[Source records]
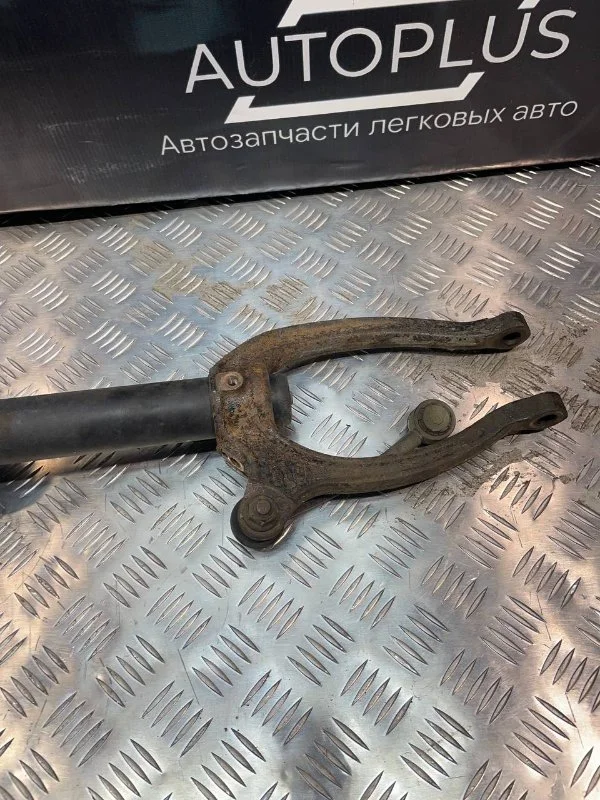 Стойка передняя правая Hyundai Grandeur 4 2.7 G6EA - миниатюра 7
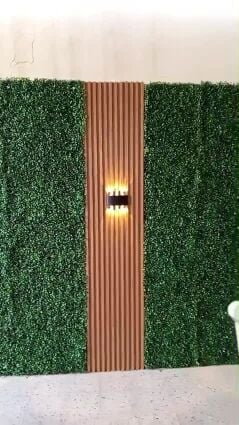 تصميم وتنفيذ ديكور الطوفه 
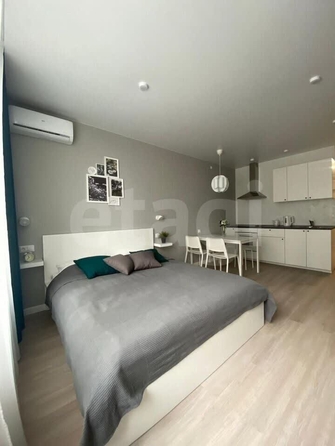 
  Сдается 1-комн. квартира 30 м². Фото 4.
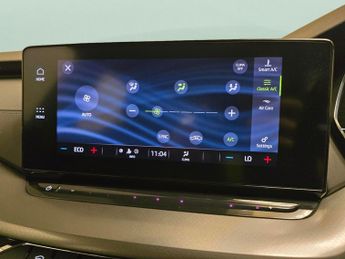 Skoda Octavia 1.4 TSI iV 13kWh SE Technology Plug-in DSG (204 ps) - PARK SENSO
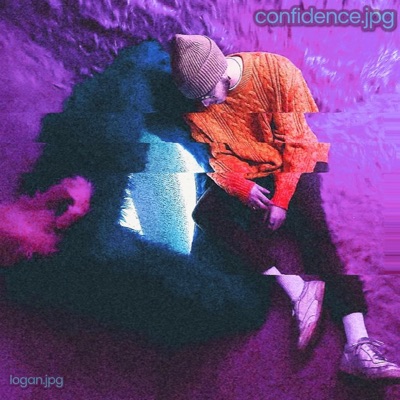 Confidence.Jpg - EP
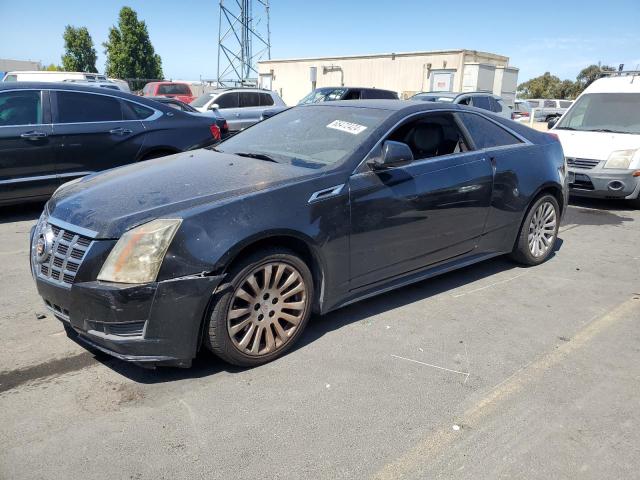 CADILLAC CTS 2012 1g6da1e32c0151405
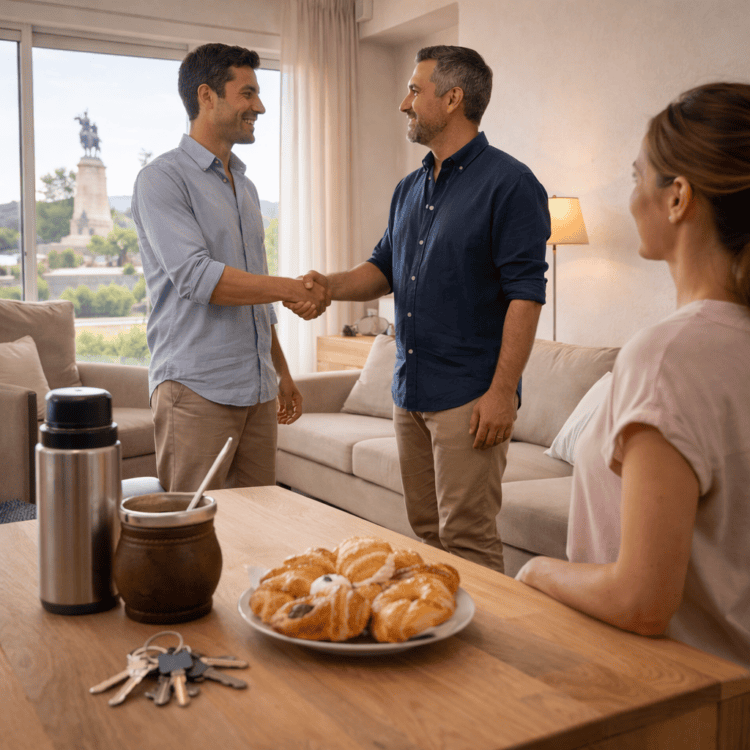 Casas y departamentos en alquiler en Neuquen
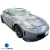 FRP MCRO Hood > Nissan 350Z (Z33) 2003-2008 - image 30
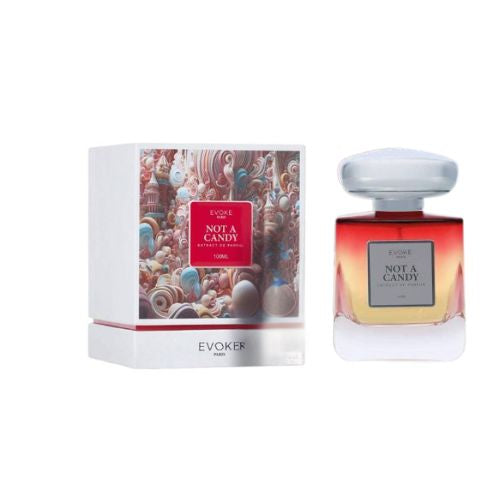 Evoke - Not A Candy EDP Unisex 100ML
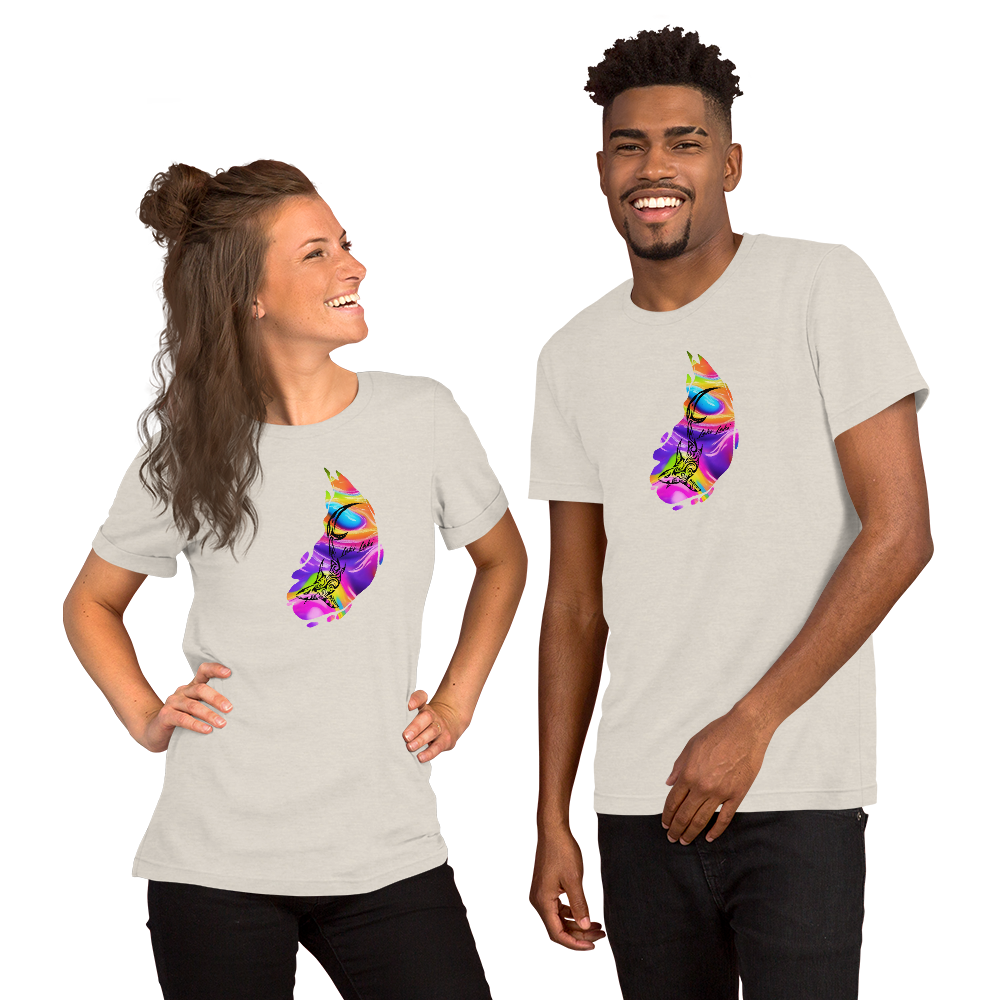Hai - T-Shirt / Editionslimit: 1000 (EU)
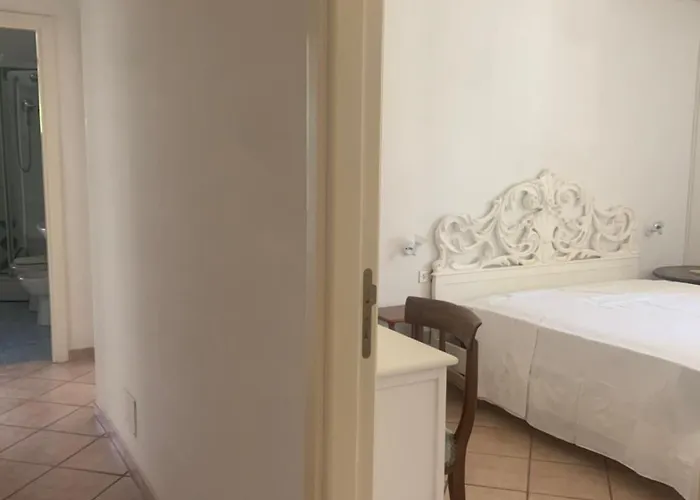 Holiday home Dimora Madreperla *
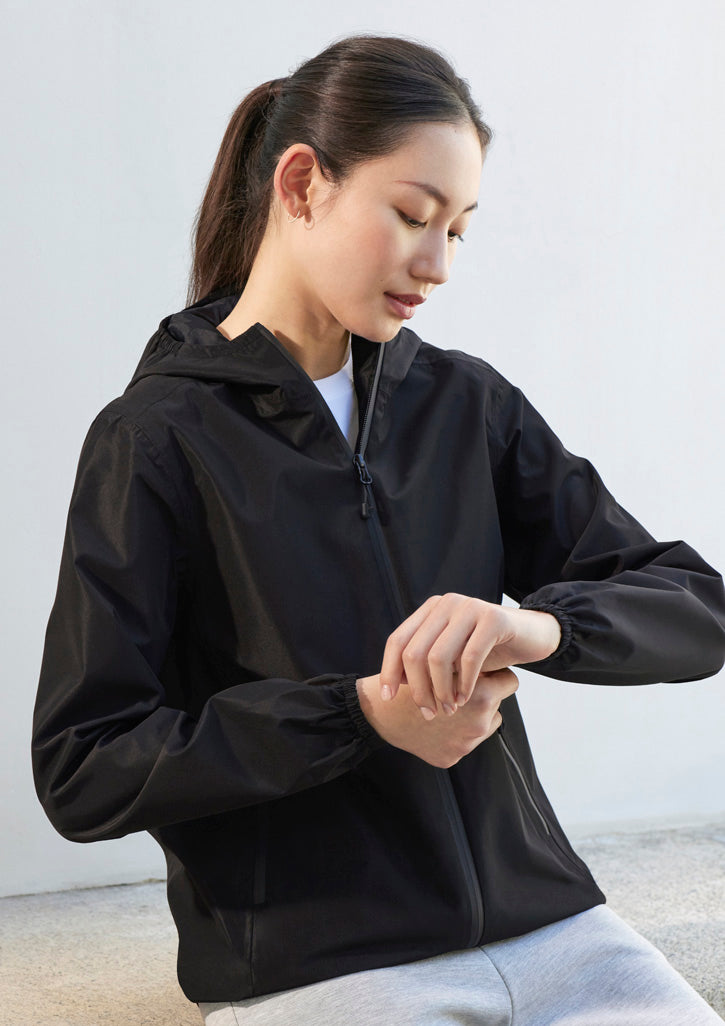 BizCollection J426L Womens Tempest Jacket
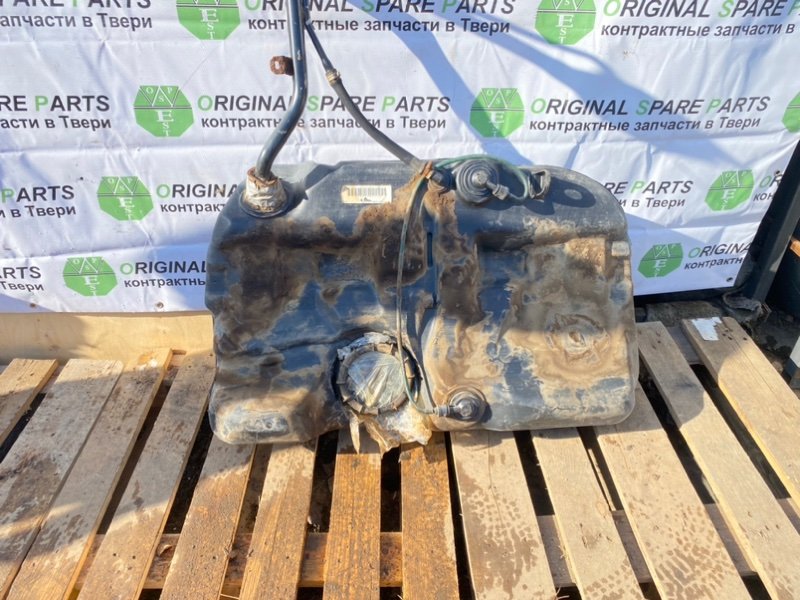 Топливный бак, 2490 рублей, Тверь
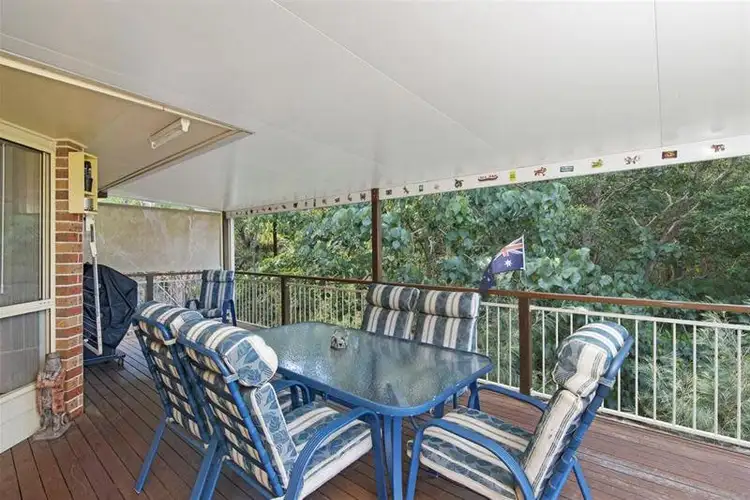 Fourth view of Homely unit listing, 17/2 Simpsons Road, Currumbin Waters QLD 4223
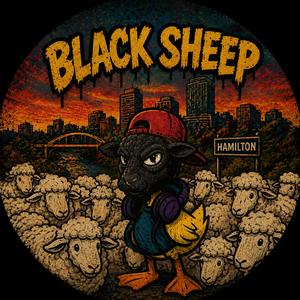 BLACK SHEEP (BEAT BY POPS)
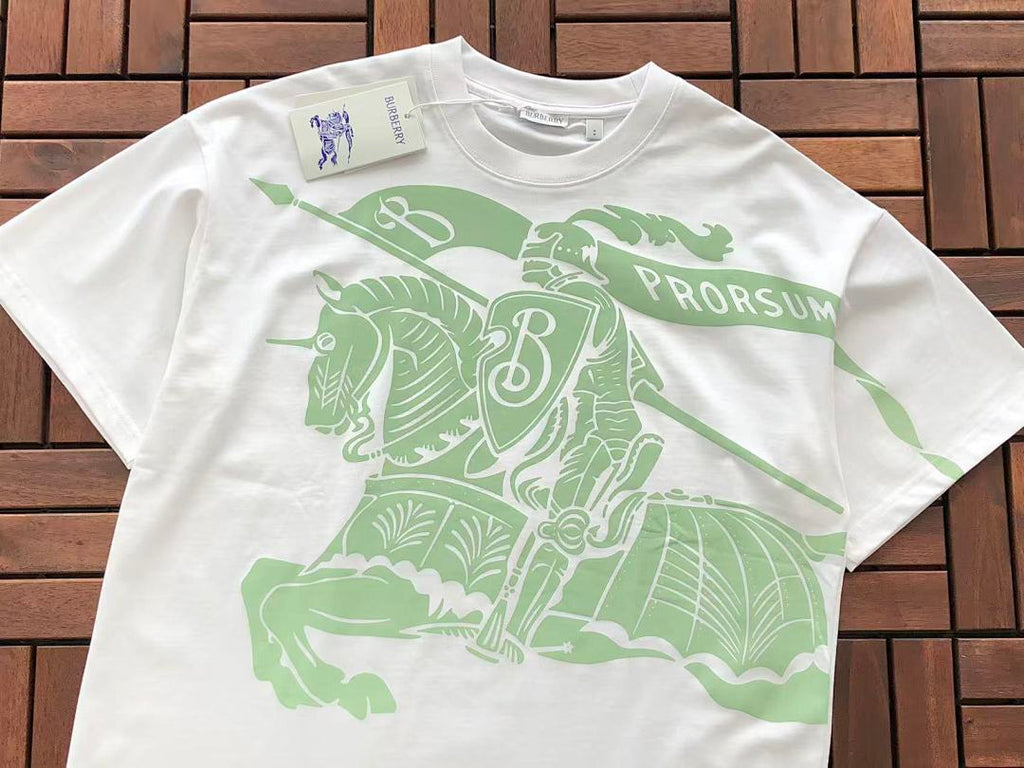 Burberry T-SHIRT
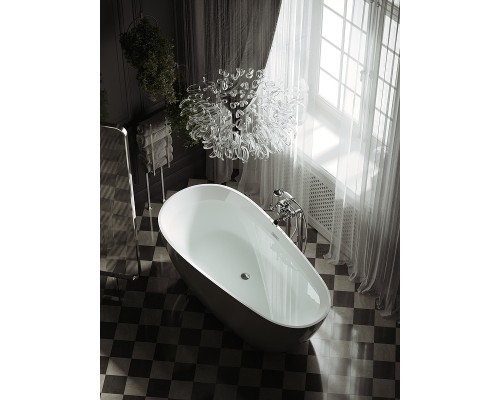 Акриловая ванна Sancos Avocado 170x80 FB18 без гидромассажа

* [Description of the task]
From the first line to the last, set down the records above exactly and skip the pictures.

* [Written answer]
 Стойка передняя правая Hyundai Grandeur 4 2.7 G6EA - миниатюра 7
 تصميم وتنفيذ ديكور الطوفه 
  Сдается 1-комн. квартира 30 м². Фото 4.
 Skoda Octavia 1.4 TSI iV 13kWh SE Technology Plug-in DSG (204 ps) - PARK SENSO
 Confidence.Jpg - EP
 CADILLAC CTS 2012 1g6da1e32c0151405
 Casas y departamentos en alquiler en Neuquen
 FRP MCRO Hood > Nissan 350Z (Z33) 2003-2008 - image 30
 Evoke - Not A Candy EDP Unisex 100ML
Hai - T-Shirt / Editionslimit: 1000 (EU)
 Holiday home Dimora Madreperla *
 BizCollection J426L Womens Tempest Jacket
 Топливный бак, 2490 рублей, Тверь
 Fourth view of Homely unit listing, 17/2 Simpsons Road, Currumbin Waters QLD 4223
 BLACK SHEEP (BEAT BY POPS)
 Burberry T-SHIRT
 Акриловая ванна Sancos Avocado 170x80 FB18 без гидромассажа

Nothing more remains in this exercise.